Advertisers have been using Santa Claus for more than 100 years.
While Coca-Cola helped make the modern Santa a media star, they weren’t the first to use the character.
A 1915 ad in the San Francisco Examiner depicted Santa (white beard and all) driving a sleigh full of White Rock water and various toys.
Murad’s Turkish Cigarettes showed a smoking Santa in their 1919 ad, which claimed that the cigarettes were what “grown-ups were choosing for Christmas.”
Thankfully, Santa turned sweeter in 1935 when he advertised boxes of Whitman’s chocolates. Coca-Cola launched their famous Santa ad campaign in 1931. The soft drink company needed ways to boost sales in winter, traditionally a slow time for Coke and their competitors. Santa had to fly around the globe in a single night and needed something to keep him refreshed on his travels. And that something was an ice-cold Coke, of course.

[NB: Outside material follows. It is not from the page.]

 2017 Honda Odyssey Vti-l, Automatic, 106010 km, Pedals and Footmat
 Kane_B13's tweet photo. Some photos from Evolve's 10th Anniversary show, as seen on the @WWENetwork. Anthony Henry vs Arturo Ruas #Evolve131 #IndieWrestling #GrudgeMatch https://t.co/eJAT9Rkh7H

Some people mistakenly give Coca-Cola credit for creating the modern image of Santa, but his famous red suit, white beard and spirt of giving were all in place by the time the soda giant began using the character.
Artist Haddon Sundblom illustrated the Coca-Cola Santa ads from the 1930s to the 1960s, and his work captured the larger-than-life, rosy-cheeked Santa that we all know and love.
Fun fact: Sundblom also painted another advertising icon: the Quaker Oats man, which was based on fellow artist Harold W. McCauley, who posed for Sundblom.
Throughout the 20th century, Santa was used by a variety of advertisers to help sell their products, from Jell-O to Norelco to Kodak to Smith-Corona to Hoover. Santa also showed up in cigarette ads during the 1940s, promoting the gift that “says ‘Merry Christmas’ with every puff.’” Simpler times, of course.
While Cocoa-Cola didn’t invent Santa, another advertiser can be credited for helping to create a famous Christmas character.
In 1939, Chicago retailer Montgomery Ward asked ad man Robert L. May to create a coloring book to be used as a holiday giveaway in the store. The result: a coloring book with the title Rudolph the Red-Nosed Reindeer.
Johnny Marks (Robert Mays’ brother-in-law) wrote the famous song about Rudolph — based on the coloring book — and the rest is history.